Les mâchicoulis de la grande salle du Puy ne sont pas d’ailleurs les seuls de ce genre que l’on trouve en Auvergne. L’église de Royat, près de Clermont, est couronnée par des mâchicoulis dont le style et la construction méritent d’être étudiés. Alors, les architectes chargés de diriger des travaux militaires ne croyaient pas que la laideur ou la vulgarité des formes fût une des conditions du programme imposé, sous le prétexte de tout sacrifier à l’utile. Parce que l’art entrait pour quelque chose dans leur composition, ces défenses ne perdaient rien de leur force ; souple, prêt à satisfaire à tous les besoins et même à les indiquer, l’artiste savait plaire aux yeux par l’étude attentive et vraie des moindres détails. Certes, dans des travaux destinés à la défense d’une place ou d’un poste, quand l’art, comme chez les Chinois, intervient pour sculpter ou peindre, sur les créneaux, des monstres hideux, destinés à épouvanter les assaillants, on peut rire de ses inspirations ; mais quand, au contraire, loin de s’amuser à ces puérilités, l’art, se soumettant à toutes les exigences de la défense, sait donner aux moindres détails une forme belle, indiquant clairement leur destination ; quand il ne cherche autre chose que la structure la mieux raisonnée, la plus solide, on peut admettre qu’il est bon de lui laisser prendre sa place. Or, il est donné à l’art seul d’exprimer par des formes convenables tous les besoins, même les plus vulgaires, et nous ne verrions nul inconvénient à ce que, dans nos défenses modernes, l’aspect extérieur fût d’accord avec la réalité[1]. Couronner aujourd’hui une porte, une caserne, un ouvrage défendu par des mâchicoulis, cela serait ridicule ; mais il l’est tout autant, au moins, de donner à ces ouvrages militaires l’aspect d’un hôtel, de les entourer de pilastres romains, de les terminer par des corniches profilées suivant les règles de Vignole, et de border leurs baies de chambranles empruntés aux traités d’architecture qui remplissent les étalages des marchands de gravures.
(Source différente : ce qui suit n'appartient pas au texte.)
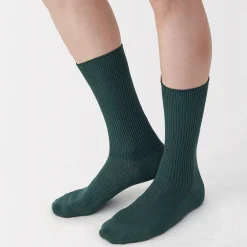 Hot Muji Calcetines acanalados en ángulo recto para hombre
Tous les exemples des diverses parties de l’architecture du moyen âge que nous donnons dans cet ouvrage font assez voir que chacune de ces parties remplit exactement une fonction, et qu’on ne saurait confondre un détail d’un édifice militaire avec un détail d’un édifice civil ou

  1. Combien est-il de nos casernes casematées qui ont l’apparence de maisons de carton ? Telles qu’elles sont, nous admettons qu’elles résisteraient parfaitement aux effets des bombes ; mais à voir, à l’extérieur, leur maigre structure, personne ne leur prête les qualités robustes qu’elles possèdent.